BROOKSVILLE — During the school year, the Springs Coast Environmental Education Center is alive with the sights and sounds of students immersed in hands-on science learning.
But when school ends for the summer, the center perched on a bluff overlooking the Weeki Wachee River falls silent.
That is expected to change next year.
The Hernando School Board on Tuesday gave its initial approval for a summer day camp at the center that is typically closed during that season.
"It's a win-win situation," Cheryl Paradis, the Hernando County teacher on special assignment who manages the center, told the board. "We win because we offer a place for learning, the students win because they have a place to go, and you're going to win because it's not going to cost anything."
The center, on County Road 550 just west of Weeki Wachee Springs State Park, sits on about 20 acres in the Weekiwachee Preserve and opened in 2005 as a joint project between the school district and the Southwest Florida Water Management District, known as Swiftmud.
Swiftmud paid $780,000 for construction; the school district enjoys a no-cost lease but pays to operate and maintain the site. The annual budget is about $150,000, but some of that is covered by grant dollars, Paradis said.
More than 6,400 students visited the center last year, taking lessons in its four classrooms but spending just as much or more time exploring the river by kayak and hiking in the surrounding scrub habitat.
The proposal for next summer calls for two, one-week camp sessions of up to 48 students and four teachers.

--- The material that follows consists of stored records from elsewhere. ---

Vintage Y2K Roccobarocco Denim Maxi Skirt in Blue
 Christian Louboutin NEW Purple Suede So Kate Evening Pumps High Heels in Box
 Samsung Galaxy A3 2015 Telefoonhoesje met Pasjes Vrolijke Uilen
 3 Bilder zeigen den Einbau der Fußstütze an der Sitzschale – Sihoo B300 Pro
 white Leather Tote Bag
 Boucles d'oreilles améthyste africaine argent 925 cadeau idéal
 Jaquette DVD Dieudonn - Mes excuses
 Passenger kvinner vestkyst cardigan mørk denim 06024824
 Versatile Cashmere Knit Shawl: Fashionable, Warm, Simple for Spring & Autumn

The regular day would run from 9 a.m. to 3 p.m. for $125 per student. Extended care would be offered from 7 to 9 a.m. and 3 to 6 p.m. for an additional $50 per week.
The program calls for hands-on activities like plant and animal identification, GPS mapping and nature photography, among others.
The camp is expected to break even and possibly bring in a modest profit that could be put back into the center, Paradis said.
"This is long overdue and we appreciate all the work and time and effort you've put into it and will put into it," board member John Sweeney said.
The board is expected to formally approve the plan at a regular meeting next month. After that, registration dates at the center would be announced, Paradis said. Parents would pay to reserve their spot on a first-come, first-served basis.
Paradis modeled the proposal based on visits to similar camps in Hillsborough and Pasco counties. Those counties run the camps all summer, and the goal is to expand Hernando's camp, too, she said.
"This is our maiden voyage, and we'll see how it goes," she said.